Porch swings can add a homey, fun aesthetic to anyone’s house. Unfortunately, not everyone has a porch big enough to support a porch swing, which can be somewhat disappointing. So the question is, are there other places you can hang a porch swing, and can the space underneath the deck be one of those places?
A porch swing can indeed be hung underneath a deck as long as it is done correctly. The swing’s bolts must be secured to the deck’s joists/ceiling joists to be fully secure. An adequate amount of swinging room will need to be created both for safety reasons and swinging efficiency.
If you want to know more about where you can put a porch swing (other than a porch of course) you have come to the right place!
Read on to learn how to install one under your deck as well as the pros and cons of doing so. Hopefully, you’ll be able to decide what’s best for you, your home, and your porch swing!
Mounting a Porch Swing Under the Deck
Whether you mount a porch swing under the deck or on the porch, you will need to take similar steps. You will also need to take into account similar factors when hanging it. We wrote about those factors in-depth in our collection of porch swing articles here.
First, locate where the ceiling joists are. As mentioned before, the joists are where you will find the most support and security for your swing. 2×8, 2×6, or three 2×4 joists should be sufficient to support any average two-person porch swing.
Once you have located these joists, please make sure they have enough support on both ends. The last thing you need is for inadequately supported joists to become damaged under too much weight and stress.
This will not only be bad for your deck and your swing, but it could also prove to be a safety hazard. Don’t skimp as far as support and safety are concerned!
Porch Swing Hardware
Next, you will need to purchase either chains or ropes with a rating of at least 500 pounds (if not more — we wrote all about how much weight a porch swing can hold in this article). This will ensure that pretty much anybody will be safe to sit in the swing without fear of it crashing down. You will also need to buy hooks, screw eyes, or eye bolts to mount on the ceiling joists. If you are unsure about what size/length you need, talk to a professional.

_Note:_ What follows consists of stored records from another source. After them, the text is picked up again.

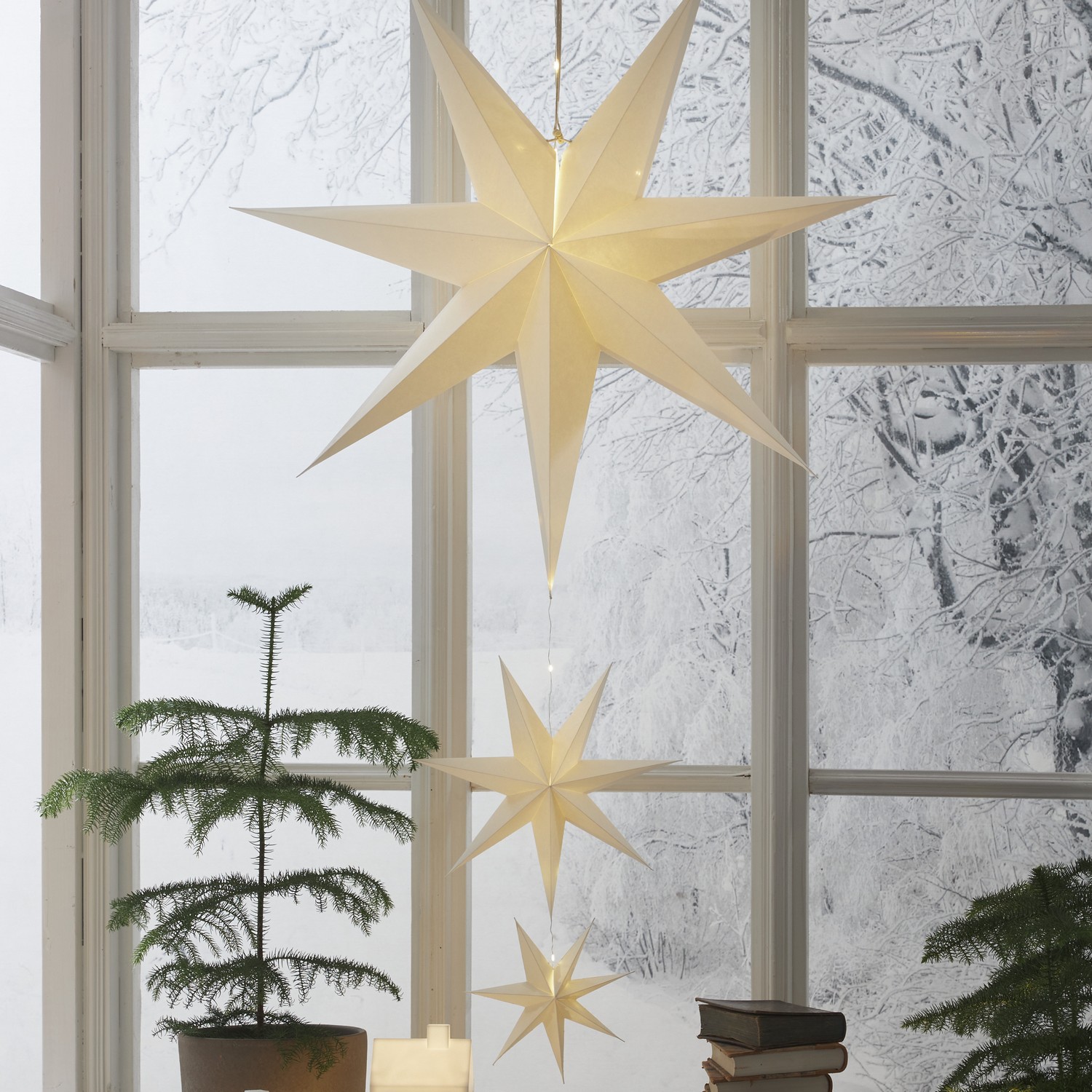 Pappersstjärna Star Trading Cassie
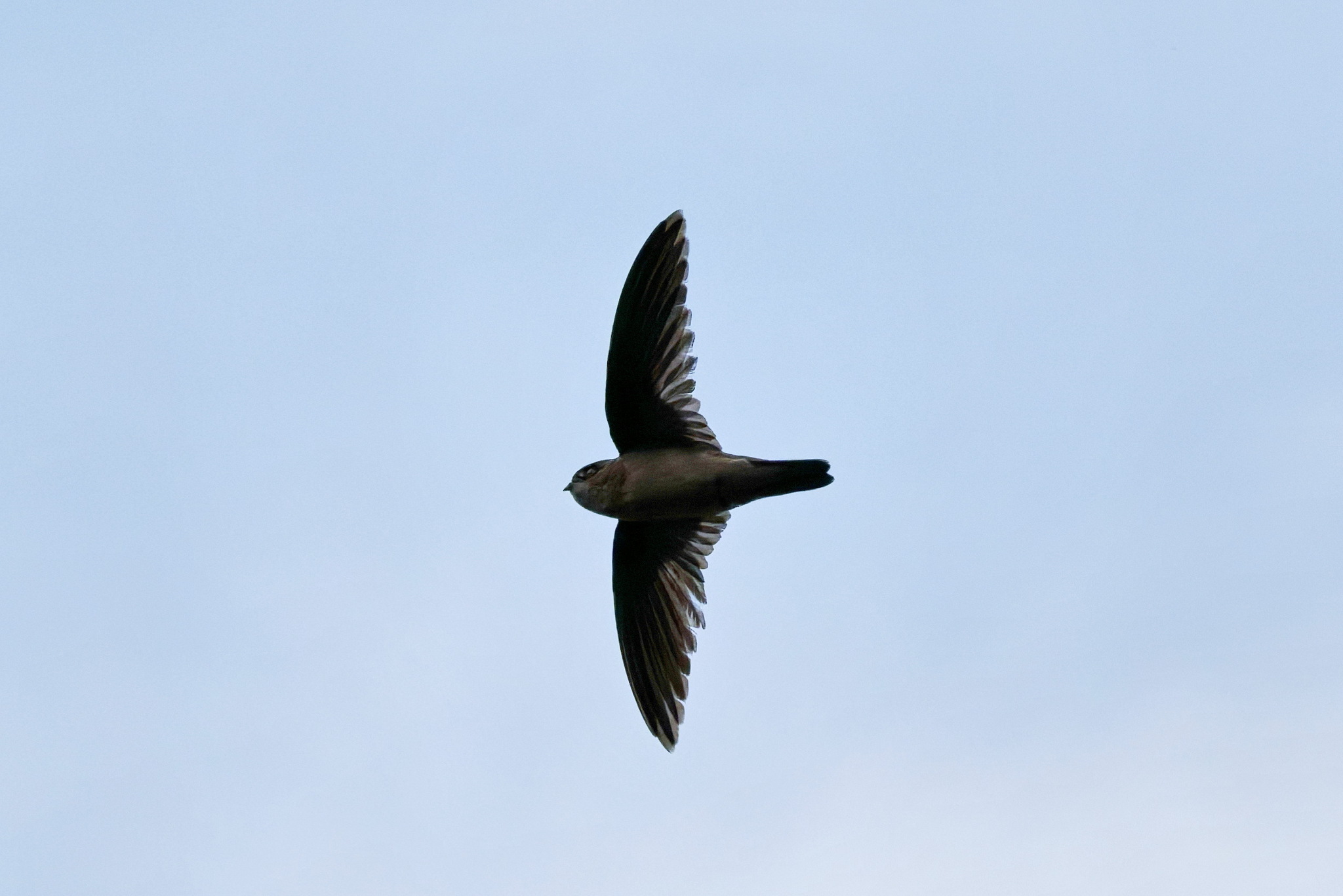 White-rumped Swiftlet (Aerodramus spodiopygius), photo 1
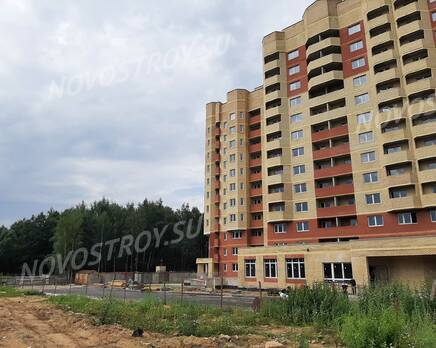 ЖК «Марз» (корп. 5): из группы дольщиков, Август 2020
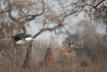 Abyssinian Ground Hornbill & Drongo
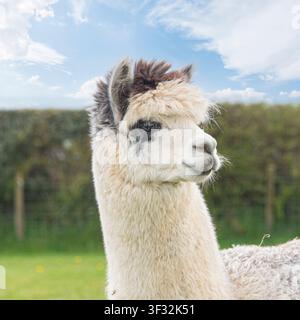 alpaca grigia e bianca Foto Stock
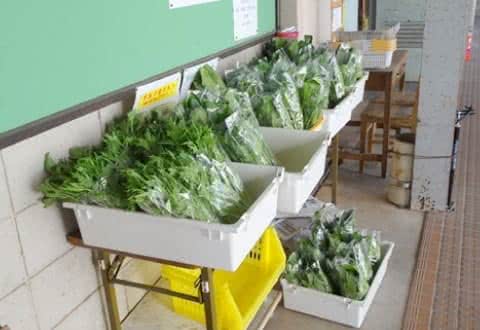 写真：無料野菜スタンドに並んだ葉物野菜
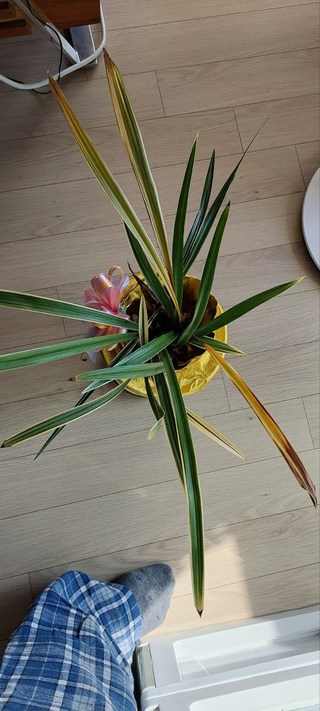 갤러리 이미지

You can even buy something like a hanger kit that contains lag screws and swivel-type hanger mounts. This will make the mounting process easier for sure! We also wrote about the best hardware to hang a porch swing here.
You want to measure for swinging space! The last thing you want is to be knocking into your house or decor while sitting on your porch swing. That will get irritating fast, plus it won’t be good for the swing or your house.
As a general rule, it’s best to have at least fourteen to sixteen inches of clearance on either side of the swing and forty-eight inches of swinging space. You will also want to have seventeen to nineteen inches of ground clearance, so plan accordingly when buying/measuring your rope or chains.
Since you have already located the ceiling joists, you can now begin installation! Install the eye bolts (or hooks), then your chains (or rope), and finally, the swing. Make sure it’s secure, and again, please make sure your joists can handle the weight so no accidents will happen.
The next and final step is to take a break and take a ride on your new swing! For a more detailed step-by-step guide, take a look at HomeDepot.com
Different Types of Porch Swings
As mentioned before, you must know what kind of porch swing you want before you start any kind of installation process. Let’s take a look at a few different kinds of swings!
First off, we have wooden swings. Basically, the biggest downside of having a wooden swing is the fact that it requires some upkeep since wood can rot and split or get discolored in the sun (cedar is the best pick, as we wrote about here). Otherwise, you simply can’t go wrong!
Wooden swings quite possibly have the largest selection of styles and designs to choose from. You can pick anything from rustic to farmhouse, and even then, the swing can be stained or painted to match your house.
Metal swings are a great thing too! These are pretty durable and will hold up under all kinds of stress. The only problem is, metal can get really hot in the sun which means the swing may not be all that comfortable to use during the summer months. Otherwise, it’s a great choice! Because metal doesn’t break as easily, you can choose a much more elaborate and delicate design for your swing.
Adirondack or Polywood swings are also growing in popularity. Adirondack furniture is made from high-density polyethylene (HDPE) whose largest component is recycled plastic and cardboard. This material does not spoil under chemicals, water, or even heat. It will take a lot to damage these swings, so a lot of people opt for them, especially since their color doesn’t usually fade over time.
The only downside is that they are super expensive!
If you’d prefer more of a classic style and look, you can always go with the timeless wicker swing. Wicker is one of the most comfortable options listed here because it can flex slightly when sat upon and will therefore conform more to your body shape.
Wicker can usually hold up with the proper care and should last you for several years. The only con to having a wicker swing is that it will probably take more maintenance than any other swing here, or at least more attention.
You can’t really leave a wicker swing outside all year round because the temperature and weather will do a number on it. It is recommended that you either bring it inside (especially during cold months and bouts of humidity) or cover it up when the weather is not agreeable.